Write the symmetric $A$ in $2 \times 2$ block form (block sizes $1$ and $n-1$):
\[A = \begin{pmatrix} \gamma & u^\top \\\\ u & B \end{pmatrix}\]with $\gamma \in \mathbb R$, $u \in \mathbb R^{n-1}$, and $B \in \mathbb R^{(n-1) \times (n-1)}$ symmetric.
Choose $\hat w \in \mathbb R^{n-1}$ so the $(n-1) \times (n-1)$ Householder reflector $\hat H := H(\hat w)$ satisfies $\hat H u = \alpha e _ 1 = (\alpha, 0, \ldots, 0)^\top$, with $\alpha = \pm \|u\| _ 2$. Embed it as the $n \times n$ reflector
\[H = \begin{pmatrix} 1 & 0 \\\\ 0 & \hat H \end{pmatrix}\]which fixes the first coordinate (so it does not touch $\gamma$ or the first row/column).

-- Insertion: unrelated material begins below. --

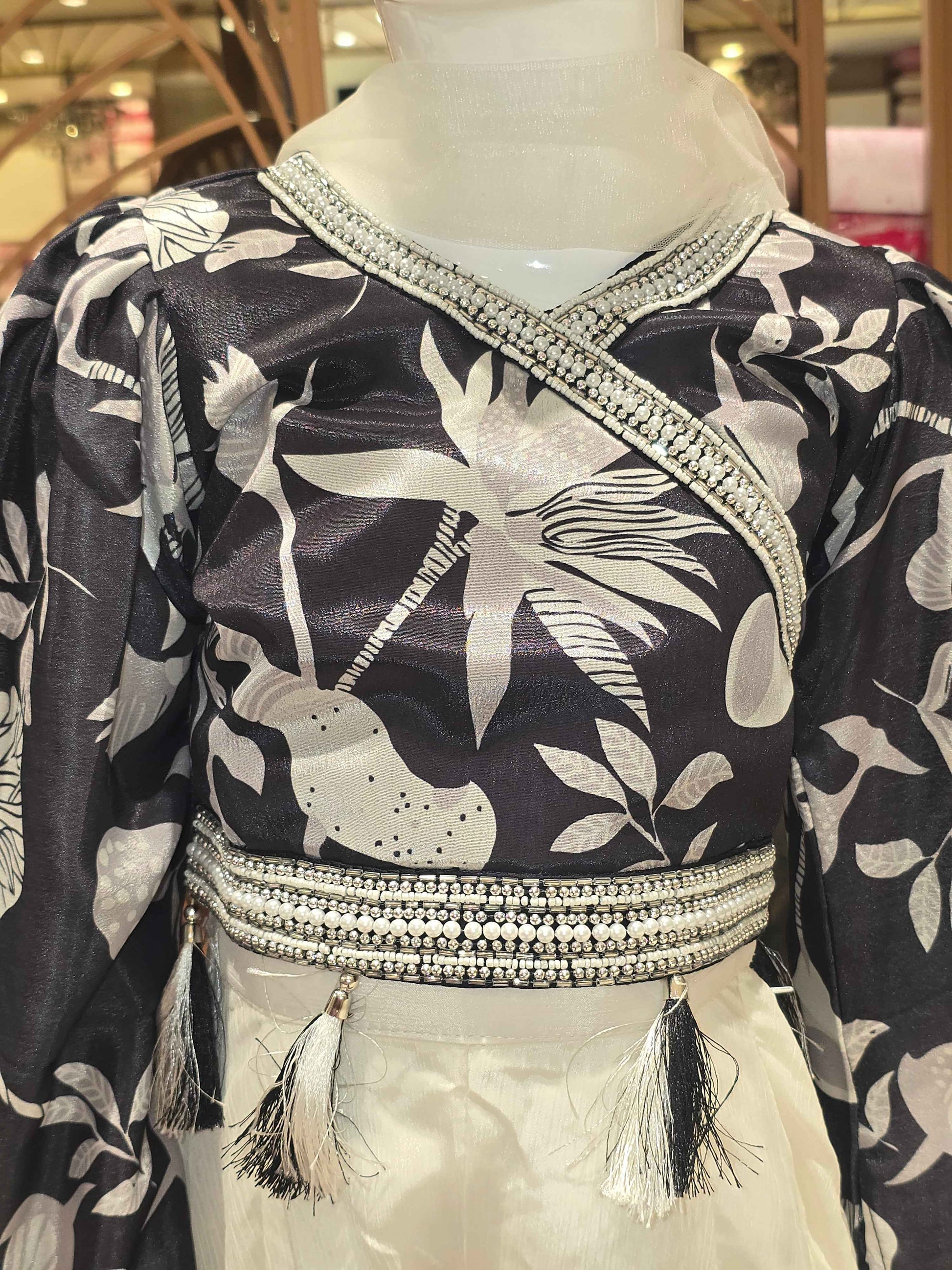 Crepe material black & white colour western plazo sets with floral prints & bell sleeves and dual colour dupatta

Left multiply (acts on rows $2, \ldots, n$ only):
\[H A = \begin{pmatrix} 1 & 0 \\\\ 0 & \hat H \end{pmatrix} \begin{pmatrix} \gamma & u^\top \\\\ u & B \end{pmatrix} = \begin{pmatrix} \gamma & u^\top \\\\ \hat H u & \hat H B \end{pmatrix} = \begin{pmatrix} \gamma & u^\top \\\\ \alpha e _ 1 & B' \end{pmatrix}\]The $(2,1)$ block is the explicit column $\hat H u = (\alpha, 0, \ldots, 0)^\top$, and $B' := \hat H B$ is the whole $(n-1) \times (n-1)$ trailing block (no special structure, and not yet symmetric). The first row $(\gamma, u^\top)$ is unchanged.

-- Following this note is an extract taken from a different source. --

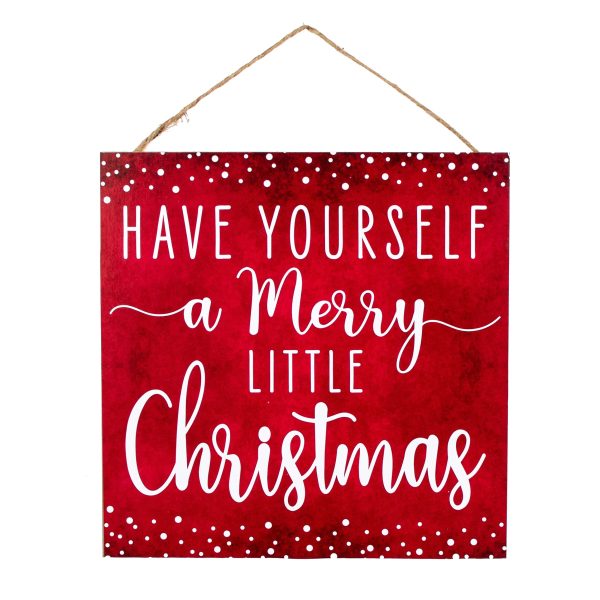 10  Square Wooden Sign: Merry Little Christmas Online Hot Sale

Then right multiply by $H^\top = H$ (Householder reflectors are symmetric; acts on columns $2, \ldots, n$ only):
\[H A H^\top = \begin{pmatrix} \gamma & u^\top \\\\ \alpha e _ 1 & B' \end{pmatrix} \begin{pmatrix} 1 & 0 \\\\ 0 & \hat H \end{pmatrix} = \begin{pmatrix} \gamma & (\hat H u)^\top \\\\ \alpha e _ 1 & \hat H B \hat H \end{pmatrix} = \begin{pmatrix} \gamma & \alpha e _ 1^\top \\\\ \alpha e _ 1 & B'' \end{pmatrix}\]using $u^\top \hat H = (\hat H u)^\top = \alpha e _ 1^\top$. Now the first column and first row are both $(\gamma, \alpha, 0, \ldots, 0)$, the tridiagonal pattern in row/column $1$, and $B'' := \hat H B \hat H$ is symmetric and occupies the entire bottom-right $(n-1) \times (n-1)$ block.

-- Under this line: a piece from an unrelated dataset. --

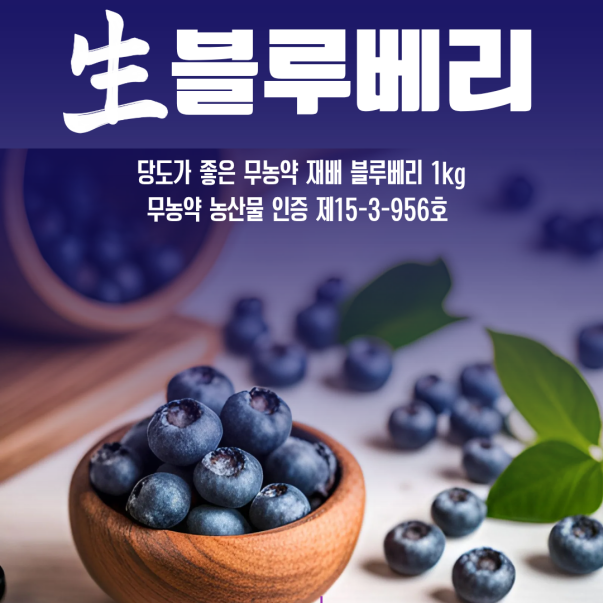 농장에서 갓 딴 블루베리 1kg
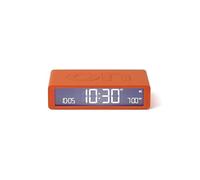 Lexon Flip Classic Luminous Morning Alarm Desk Clock, Reversible with Faces on Off and Snooze Function, LCD Display and Touch Light, Rechargeable by USB-C - Orange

Recurse on the trailing symmetric block $B''$, embedding each successive reflector as $\begin{pmatrix} I & 0 \\\\ 0 & \hat H _ k \end{pmatrix}$ so it fixes the already-tridiagonalised leading rows and columns. After $n-2$ two-sided steps,
\[(H _ {n-2} \cdots H _ 1)\, A \,(H _ 1 \cdots H _ {n-2}) = T\]is symmetric tridiagonal. Only $n-2$ reflectors are needed (the final trailing $2 \times 2$ block is already tridiagonal), and the transformation is an orthogonal similarity, so $\text{eig}(T) = \text{eig}(A)$.
Bite-sized
Why is tridiagonal form so valuable as preprocessing for the QR algorithm?
Once $A$ is tridiagonal, each QR step costs $O(n)$ via Givens (vs $O(n^2)$ for general Hessenberg, $O(n^3)$ for dense). Combined with the empirical $O(n)$ iterations of shifted QR per eigenvalue, total cost drops from a hypothetical $O(n^4)$ to $\tfrac{4}{3} n^3$ — the symmetric eigenvalue problem becomes genuinely $O(n^3)$.
Two-sided Householder similarity for symmetric $A$: apply $H _ k$ as $A \mapsto $ $H _ k A H _ k$, preserving symmetry and eigenvalues. The two-sided form is the key trick — one-sided $H _ k A$ would only zero column $k$ but break symmetry.